A total of 22,888 patients infected with the novel coronavirus had been discharged from hospital after recovery by the end of Saturday, NHC said.

Meanwhile, a team of public health experts from the World Health Organisation (WHO) visited Wuhan on Saturday to conduct a detailed probe about the virus which reportedly originated from a seafood market in the city in December last year.

The NHC said WHO experts along with their Chinese counterparts who formed a joint investigation team have held talks with the local health authority in Wuhan and visited relevant healthcare institutions.

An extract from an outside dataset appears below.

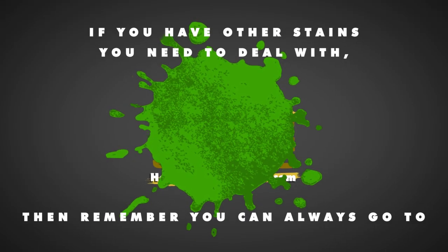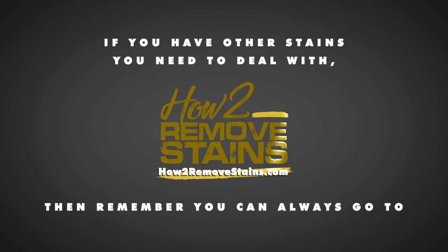If you have other stains you need to deal with, remember you can always go to howtoRemovestains.com.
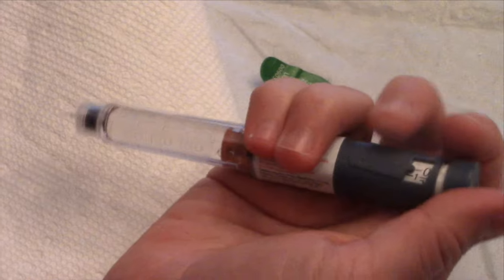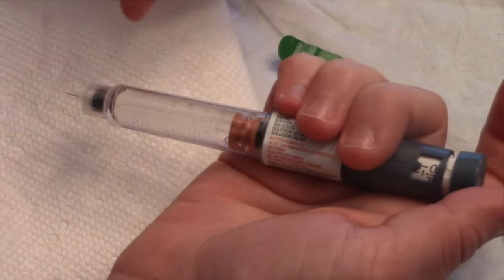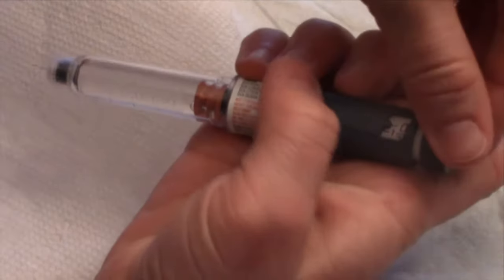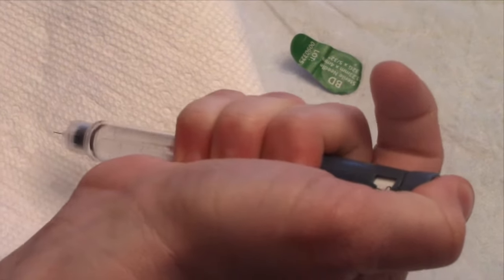When priming the needle, if you have dialed it to two and you realize there's still no insulin coming out through the needle, you're going to want to do the process over again. Turn back to two units and try again. Repeat this until you see insulin coming through the needle.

The UN team comprises specialists from the United States, Germany, Japan, Nigeria, Russia, Singapore and South Korea, Hong-Kong based South China Morning Post reported.

The 12-member team, which arrived in China on Monday, was initially designated to visit only Beijing, Guangdong and Sichuan provinces, while the worst-affected Hubei province and its capital Wuhan were missing from the list.

However, the team was finally given permission to visit Wuhan by the Chinese government.

Besides controlling the spread of the virus, a major task for the WHO team along with their Chinese counterparts was to come up with standard medicine to cure the disease.

The NHC said on Saturday that the team had met top Chinese respiratory disease expert Zhong Nanshan in Guangdong, and visited the centre for disease control and prevention in Guangdong and the city of Shenzhen, and Sichuan.

The specialists also discussed quarantine measures, the wild animal trade and community prevention measures with their Chinese counterparts, it said.